» The task
Scan the records below for the line with "[하프클럽/파파브로]남성 모던 캐주얼 울 혼방 더플코트 MR-CTW-WOOL" and the line with "2016 Mercedes-AMG S63 Coupe", and retype that range exactly, both ends included, pictures excepted.

» Material shown
----

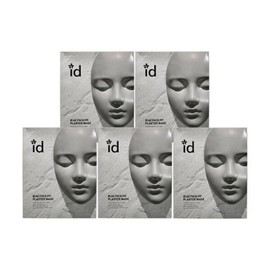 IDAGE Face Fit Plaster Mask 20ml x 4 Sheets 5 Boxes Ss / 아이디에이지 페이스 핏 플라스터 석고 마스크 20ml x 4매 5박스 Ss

----

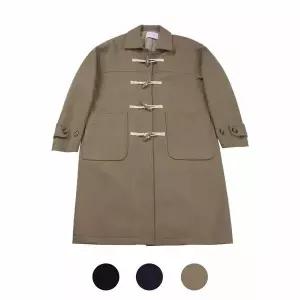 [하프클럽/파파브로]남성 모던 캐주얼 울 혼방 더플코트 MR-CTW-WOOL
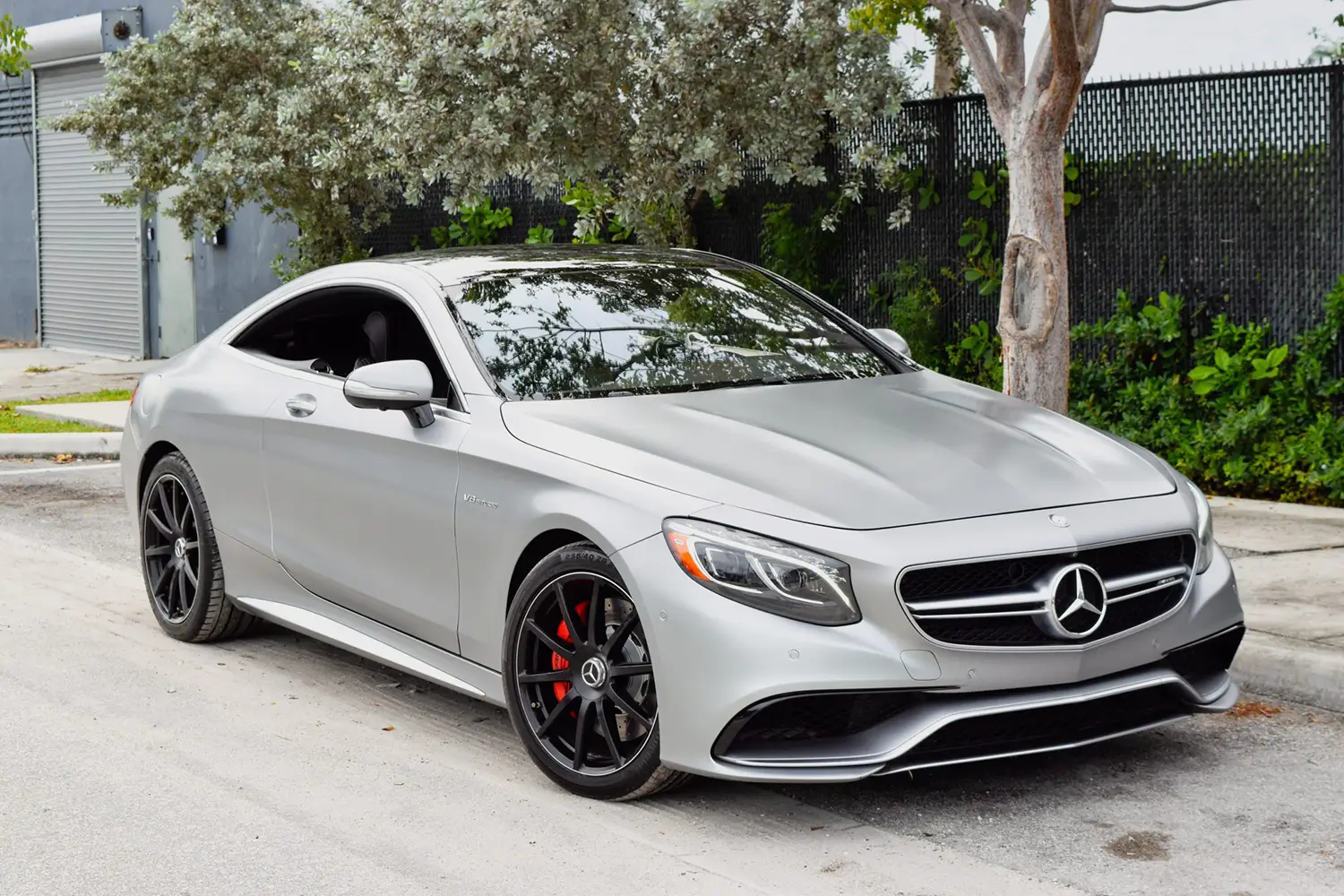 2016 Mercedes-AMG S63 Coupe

----

» Answer box
 [하프클럽/파파브로]남성 모던 캐주얼 울 혼방 더플코트 MR-CTW-WOOL
 2016 Mercedes-AMG S63 Coupe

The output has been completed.